Steps to Take
Now that you understand the basics of SQL Server security and how it interacts with SMS security, you are ready to take the necessary steps to secure your SMS system. Securing SMS involves six steps. You use SQL Server's EM to complete step 1 through step 3 and SMS Security Manager to complete step 4 through step 6. Here are the six steps:
- Select Logins from the Manage menu. Using the Manage Logins dialog box, create a login for each user who needs to access SQL Server. In addition, create a login for each role you want to put in the database. (For example, in Screen 1, I created the login Helpdesk.) Set the default database to SMS and fill in a password.
- Select your database from EM. Select Users from the Manage menu. Create database users for the organizational roles you want to use in your SMS database. Before you can create an alias, you must first map the login to the database user. (I created a login for each role.) Map database users to logins that don't refer to an existing person. If you use one of your regular logins (i.e., one that refers to a real employee), you'll need to change this mapping as soon as that employee leaves the company. Using a role-related login is a more generic approach.

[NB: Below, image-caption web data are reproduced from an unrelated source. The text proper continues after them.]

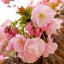 cherry-blossomのサムネイル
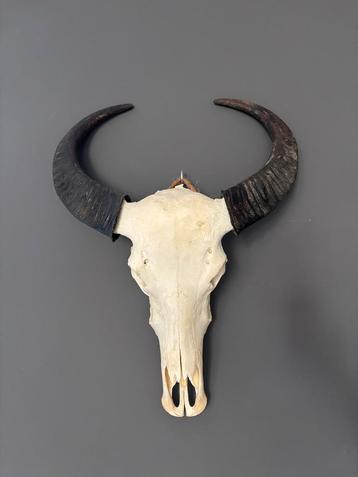 Koe/Waterbuffel Schedel met Hoorns Wanddecoratie Antiek Look beschikbaar voor biedingen
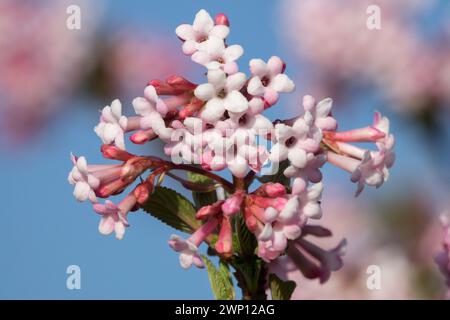 Viburnum x bodnantense Dawn Viburnum Flower Closeup White Light Pink Viburnum Dawn Blooms Bodnant Viburnum Flowers pianta invernale in fiore per le api Foto Stock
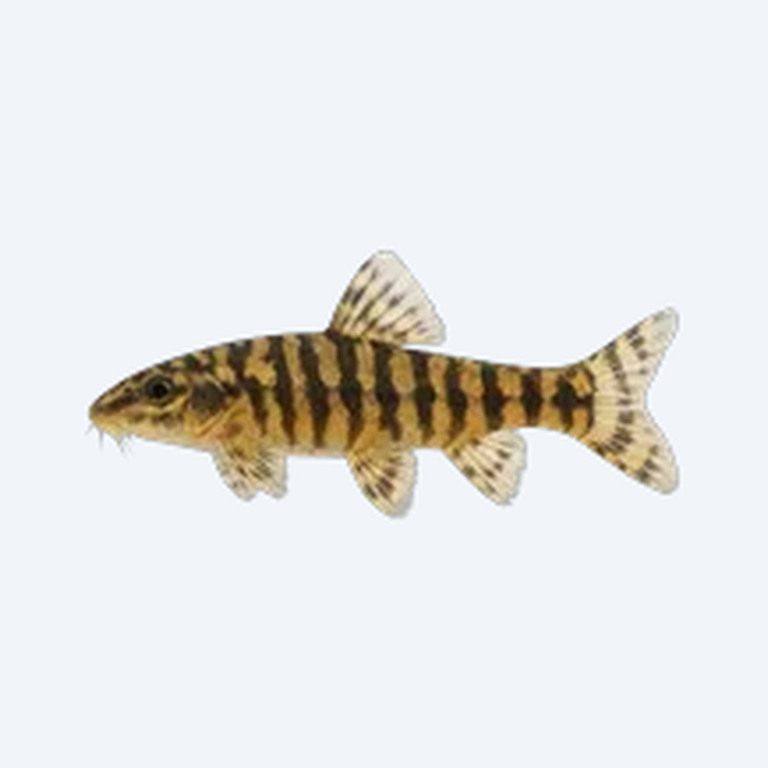 Tiger Hillstream Loach (Cobitoidea sp.) in a planted freshwater aquarium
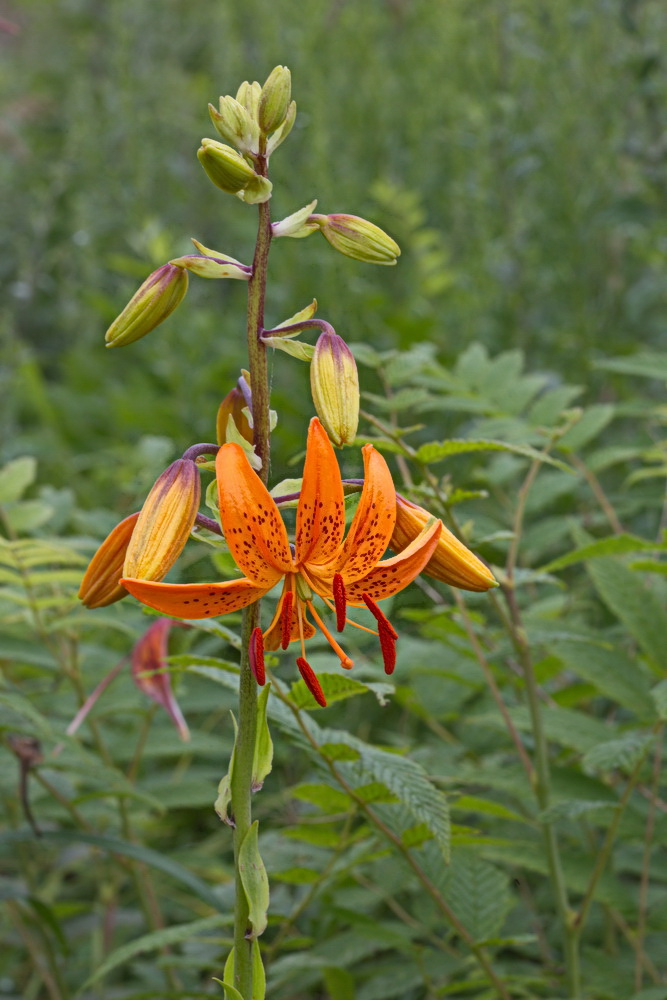 Image of Lilium distichum specimen.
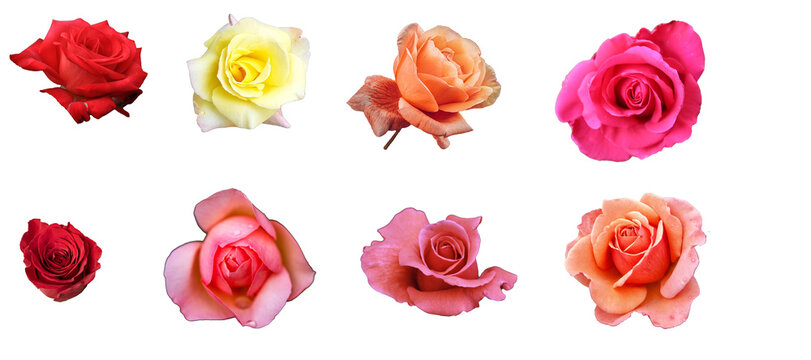 set of rose isolated on transparent background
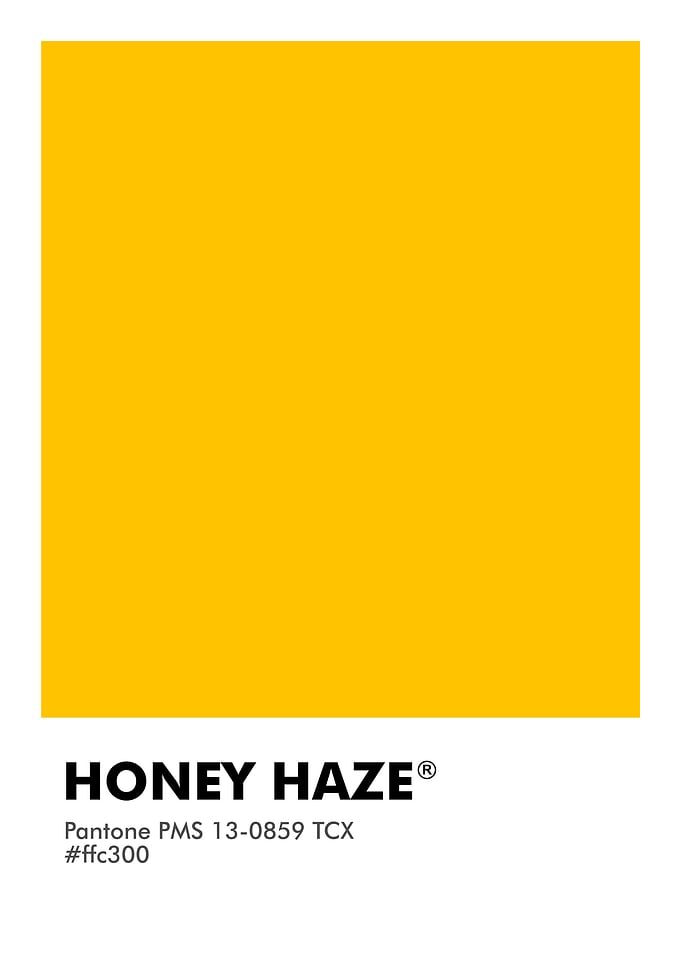 PANTONE HONEY HAZE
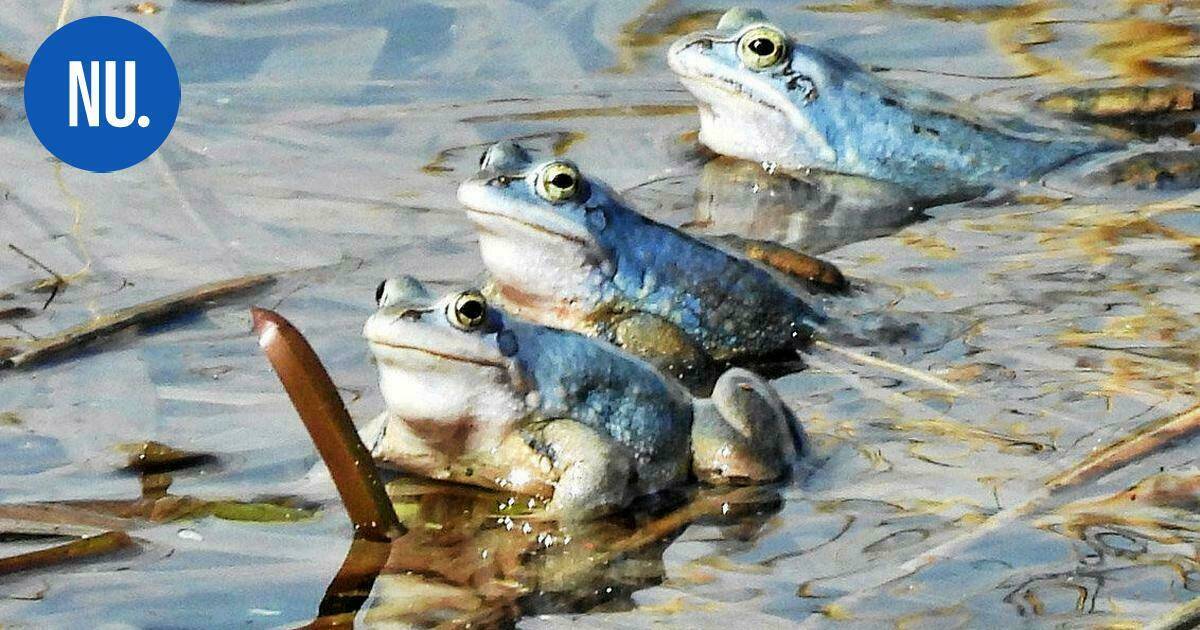 Luonto | Liito-oravat ja viitasammakot tutkitaan nyt Rajamäellä tarkoin – asialle laitetaan Enviro | Paikalliset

- When you add a user to the database, the lower part of the Manage Logins dialog box becomes available. From here, you can create as many aliases as you want. However, you're restricted to extending a login to one database user. If you attempt to extend the same login to two database users, Manage Users will remove the login from the previous database user's list of extended logins. Click Modify to save your changes. Screen 2, page 175, shows the list of extended logins I created.
- Start the SMS Security Manager and log in using the systems administrator login or another login that has DBO equivalence in your SMS database. Notice all the security objects you can set. Table 1 (an excerpt from Microsoft SMS Books OnlineBOL) provides a detailed description of these objects. For the selected user (e.g., DBO), all objects are accessible. For a new user, the default setting on all objects is No access.

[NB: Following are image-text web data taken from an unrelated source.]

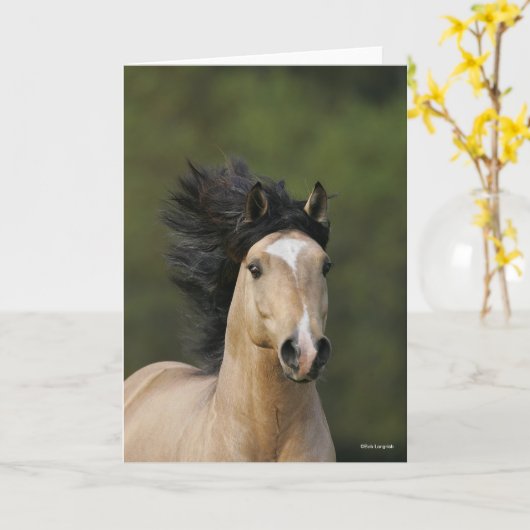 Bob Langrish | Buckskin Welsh Pony Headshot Karte (Gelbe Blume)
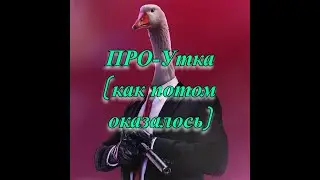 Когда тебе никто никогда не верил и ты выиграл катку, потеряв напарника.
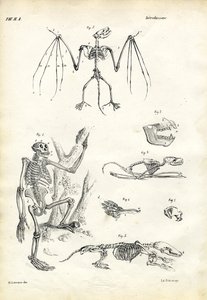 Bat, 1863-79 by Raimundo Petraroja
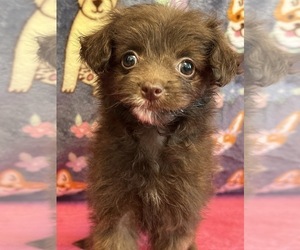 Pom-A-Poo Puppy for sale in BEECH GROVE, IN, USA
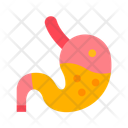 پیش‌نمایش فایل stomach-11067520 از پک آناتومی بدن انسان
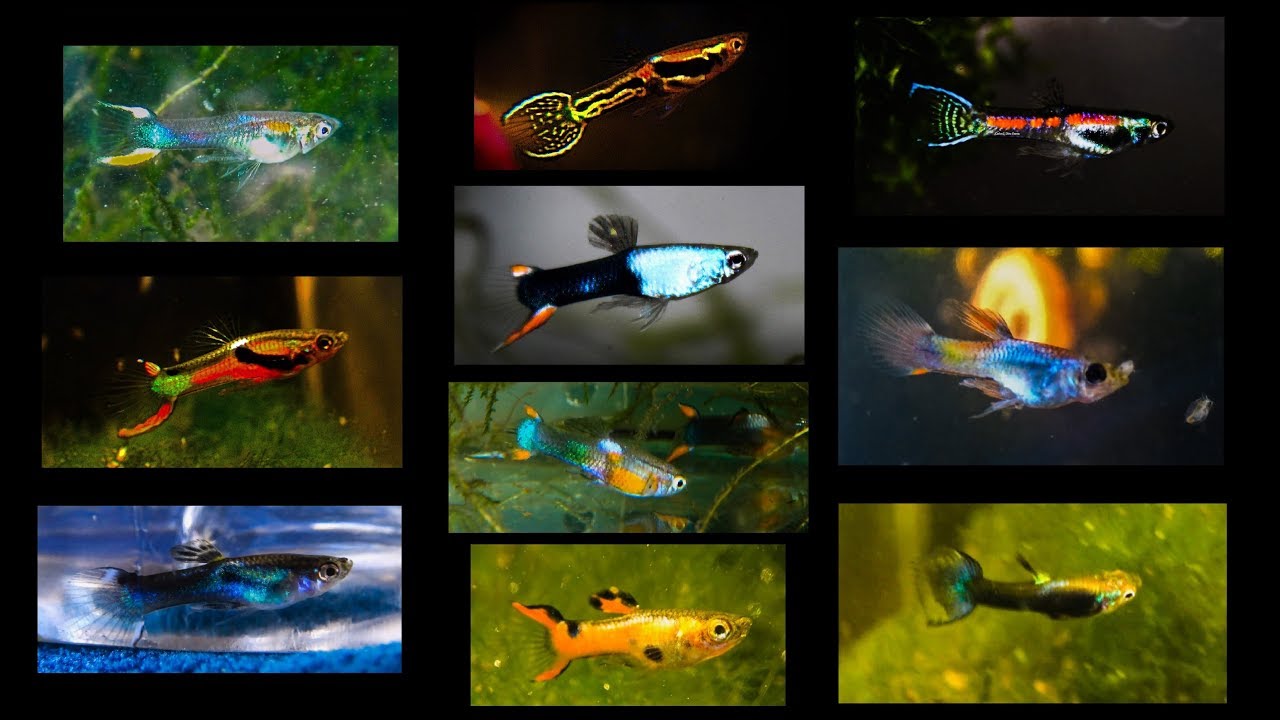 My most beautiful Endlers of 2017 - Top 10 (Rare & New Strains) ᴴᴰ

- Select a user from the SMS Security Manager menu. Screen 3, page 175, provides an example of this menu. Notice that all objects are closed for this user. You can now change security settings for this user to View or Full access.
- Consider using one of the security templates that come with SMS Security Manager. (Even if you don't intend to use these templates, you might want to look at them.)

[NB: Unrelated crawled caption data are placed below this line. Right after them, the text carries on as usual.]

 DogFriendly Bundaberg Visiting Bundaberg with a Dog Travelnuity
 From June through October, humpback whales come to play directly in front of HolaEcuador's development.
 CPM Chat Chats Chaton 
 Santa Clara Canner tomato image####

Now you've set up security for SMS. However, before you begin using SMS, you must carefully determine which user needs which type of access to the database. In addition, you must determine what roles are necessary in your SMS environment. Some users might need to access the database in different roles (e.g., Helpdesk and Job Manager). You can either let some roles include others (e.g., job manager includes Help desk employee) or create a new role user (e.g., Job Manager plus Helpdesk). Whatever you do, always set up a convention to manage your users and use that convention rigorously.
SMS security isn't hard to implement. However, it's a key factor in protecting your SMS environment and maintaining the integrity of your inventory database. Considering the importance of the inventory database for all other SMS roles, you need to take security seriously.